Friday, December 3, 2010
I Feel Your Pain. Sort of.
Recently Helen's had some restless nights caused by frequent trips to the bathroom and contractions so strong they keep her awake. Norby's not here yet, but already Helen's getting up every couple of hours because of the baby (good practice for the near future!)
Compounding matters is the fact that I sleep deeply for a long time, oblivious to the rest of the world - when Helen's gotten up, I've stayed down (unconscious) in bed. She had been nice enough to let me sleep during these episodes.

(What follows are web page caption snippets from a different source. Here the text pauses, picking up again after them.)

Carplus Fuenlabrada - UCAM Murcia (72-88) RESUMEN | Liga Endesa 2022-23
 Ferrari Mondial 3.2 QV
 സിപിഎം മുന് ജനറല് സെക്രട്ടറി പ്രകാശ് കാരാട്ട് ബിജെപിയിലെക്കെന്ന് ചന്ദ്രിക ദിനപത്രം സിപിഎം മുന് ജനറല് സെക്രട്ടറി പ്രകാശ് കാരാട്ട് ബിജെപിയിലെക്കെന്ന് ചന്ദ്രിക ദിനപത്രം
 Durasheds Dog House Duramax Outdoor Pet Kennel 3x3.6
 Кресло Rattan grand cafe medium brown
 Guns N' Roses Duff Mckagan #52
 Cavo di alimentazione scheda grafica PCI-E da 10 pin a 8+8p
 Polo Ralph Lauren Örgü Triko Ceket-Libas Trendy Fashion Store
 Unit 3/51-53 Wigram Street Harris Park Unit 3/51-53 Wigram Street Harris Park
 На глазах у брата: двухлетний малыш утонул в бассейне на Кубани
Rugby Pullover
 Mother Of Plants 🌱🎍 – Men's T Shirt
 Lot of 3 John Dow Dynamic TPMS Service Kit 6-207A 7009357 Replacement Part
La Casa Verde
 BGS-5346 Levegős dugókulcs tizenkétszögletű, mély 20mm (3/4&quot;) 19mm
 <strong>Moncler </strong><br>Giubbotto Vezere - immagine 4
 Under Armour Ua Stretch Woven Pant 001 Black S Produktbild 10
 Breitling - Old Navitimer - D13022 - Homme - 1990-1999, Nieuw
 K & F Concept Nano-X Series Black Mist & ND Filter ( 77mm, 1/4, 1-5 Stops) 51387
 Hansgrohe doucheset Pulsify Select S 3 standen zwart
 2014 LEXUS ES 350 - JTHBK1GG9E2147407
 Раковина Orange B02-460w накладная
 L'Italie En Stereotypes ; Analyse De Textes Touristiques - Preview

Until yesterday, when she got a little upset...
Overcome by sheer exhaustion and frustration that the baby hasn't come yet, and seeing I was the only person around to yell at, she zeroed in and let me have it saying she was worried my uninterrupted sleep habits were a harbinger of things to come once Norby was here (her feeding/changing all hours of the night, me sleeping.) My counterpoint was that I was sleeping a lot now because I knew I wouldn't be sleeping much later, but that didn't seem to make her feel any better.
So to prove I could stay awake and be supportive, I practiced last night by downing some caffeinated soda and going to bed later than normal. Then this morning, I got up extra early. I'm not sure how exactly this represents me 'supporting' my wife, other than reinforcing the idea that misery loving company. Logical? Not exactly. But I get the sense that emotion > logic in the days before the baby comes.
Parents, I assume you've had this 'discussion' as well. Let's hear your stories.